■ **ASSIGNMENT**:
In the entries that follow, find the line containing "EmmaLeexth on StripChat" and the line containing "axes femme チェック柄花柄レースワンピース", then copy exactly everything from the first through the second except the pictures.

■ **RAW DATA**:
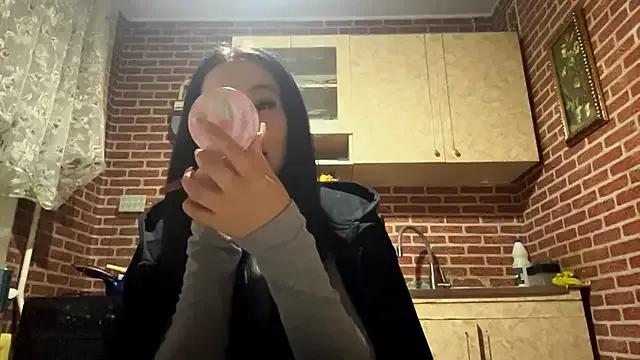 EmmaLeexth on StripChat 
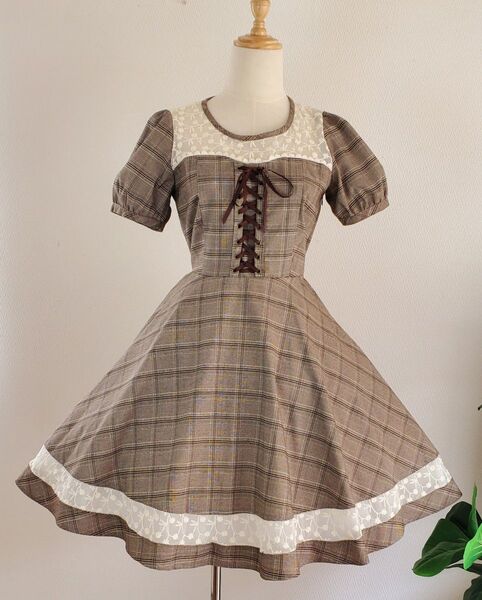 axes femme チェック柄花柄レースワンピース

---

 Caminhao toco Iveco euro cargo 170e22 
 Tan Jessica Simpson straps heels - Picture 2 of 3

■ **EXERCISE RESULT**:
 EmmaLeexth on StripChat 
 axes femme チェック柄花柄レースワンピース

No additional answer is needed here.